Nachrichten Juli 2011


EU-GIPFEL: Niederlande unterstützen Merkels Position bei Notkredit für Griechenland

Den Haag/Berlin/Brüssel. NRC/TR. 20. Juli 2011.

Obwohl keine der niederländischen Banken durch den strengen Stresstest der Europäischen Bankaufsichtsbehörde gefallen ist und das Land mitnichten in Gefahr ist, in dieselbe Situation zu kommen wie Griechenland, wird die europäische Beschlussfassung in der griechischen Schuldenkrise  in den Niederlanden mit großer Anspannung verfolgt.
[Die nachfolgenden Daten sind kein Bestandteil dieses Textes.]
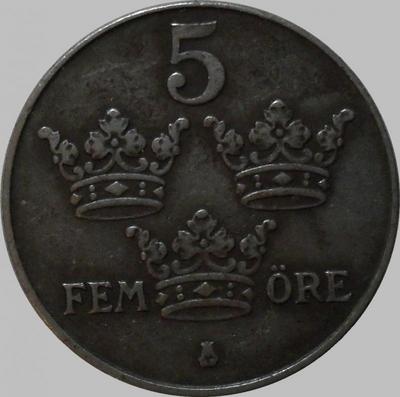 5 эре 1947 Швеция.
Für das für Donnerstag geplante EU-Gipfeltreffen in Brüssel sehen die niederländischen Medien einen Machtkampf zwischen der deutschen Bundeskanzlerin Angela Merkel und dem Vorsitzenden der Europäischen Zentralbank (EZB), Jean-Claude Trichet, voraus.

Trichet hält nicht viel von Merkels Plan, die Banken finanziell in den Rettungsplan miteinzubeziehen, da das unabsehbare Folgen für den Finanzsektor haben werde. Merkel hingegen will nur dann bei der Unterstützung Griechenlands mitziehen, wenn auch die Banken mitbezahlen.
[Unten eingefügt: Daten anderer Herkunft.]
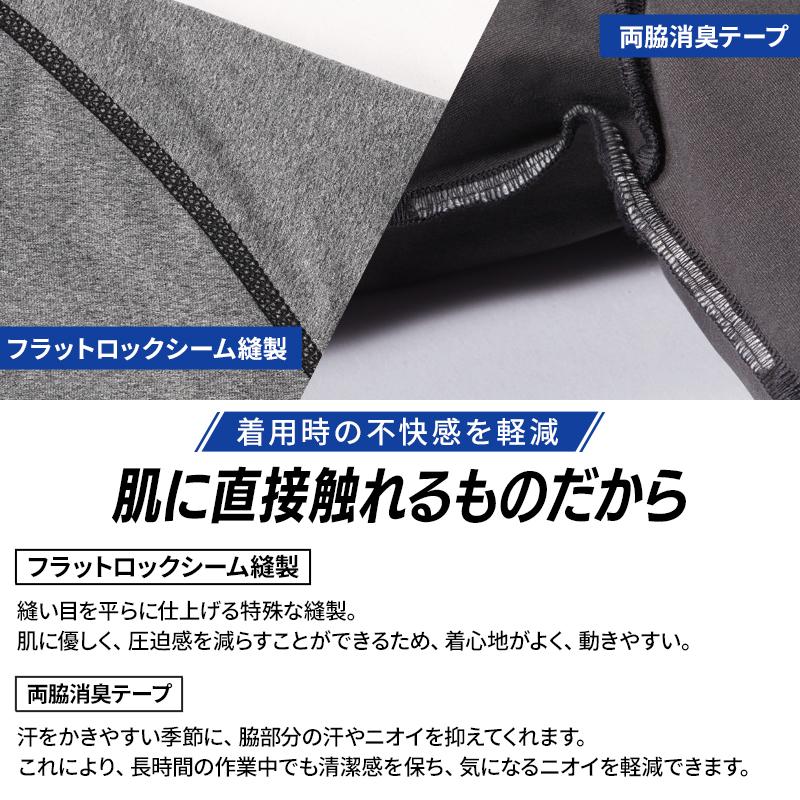 バートル 作業着 インナー 夏 4071 半袖 コンプレッション BURTLE メンズ レディース S-XXL【メール便対象商品】 | BURTLE | 03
Die Niederlande sind hier auf Merkels Seite. Auch bei der Frage, ob die Griechen die Möglichkeit kriegen sollten, eigene Obligationen mit Geld aus dem Europäischen Notfonds, EFSF, zu kaufen, unterstützt Den Haag Berlins ablehnende Haltung. Das Aufkaufen der griechischen Obligationen schade der Kreditwürdigkeit des Notfonds selbst.

Bereits bei der Geldspritze (110 Milliarden Euro) für die Griechen im letzten Frühling hatten Deutschland und die Niederlande gemeinsam agiert. Damals setzten sie gegenüber den anderen EU-Mitgliedern durch, dass der Kredit an strenge Sparmaßnahmen und hohe Zinsen gekoppelt wurde. Dies hat sich nun als kontraproduktiv erwiesen: der griechische Schuldenberg ist noch gewachsen. Jetzt streitet man über einen zweiten Notkredit von 85 Milliarden Euro. Mit niedrigeren Zinsen und einer längeren Laufzeit.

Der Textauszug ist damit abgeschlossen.